===== LISTED ENTRIES
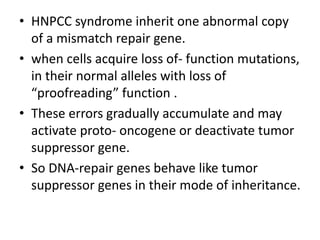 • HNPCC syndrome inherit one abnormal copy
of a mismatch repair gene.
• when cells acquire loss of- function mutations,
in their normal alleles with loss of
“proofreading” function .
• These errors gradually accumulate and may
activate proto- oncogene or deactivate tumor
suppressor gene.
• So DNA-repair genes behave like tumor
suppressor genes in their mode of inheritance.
==========
===== LISTED ENTRIES
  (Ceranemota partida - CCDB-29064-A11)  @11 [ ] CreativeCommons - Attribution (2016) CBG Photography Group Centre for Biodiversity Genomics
==========
===== LISTED ENTRIES
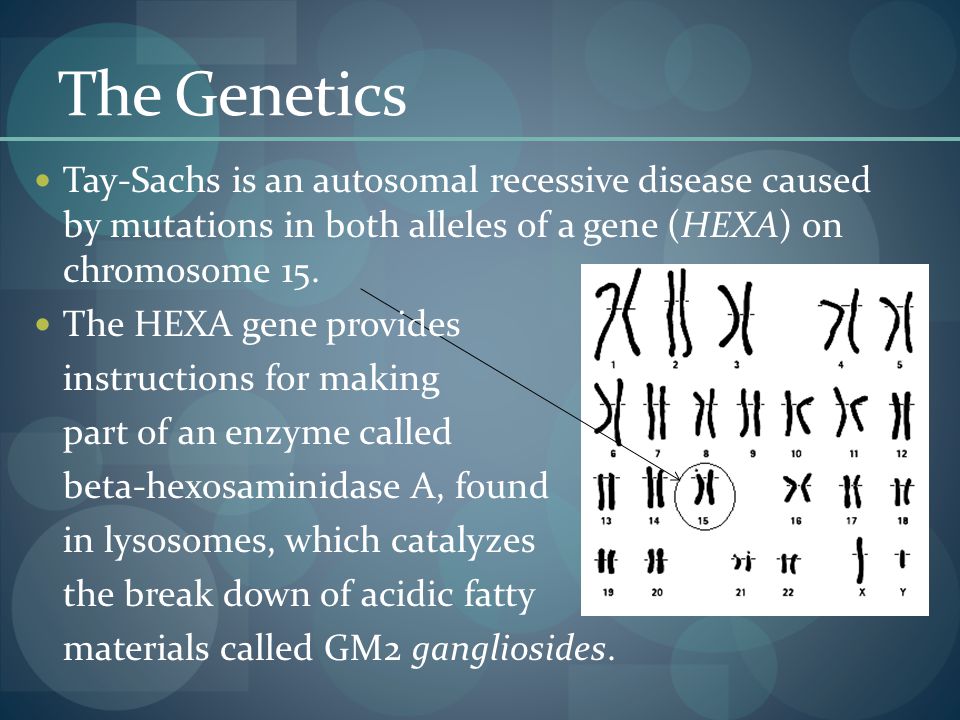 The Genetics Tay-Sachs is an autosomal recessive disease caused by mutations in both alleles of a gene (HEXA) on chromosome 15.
==========
[REQUIRED WORK]
Your task is to gather all lines from the entries above that hold the word "suppressor".

[EXERCISE RESPONSE]
suppressor gene.
suppressor genes in their mode of inheritance.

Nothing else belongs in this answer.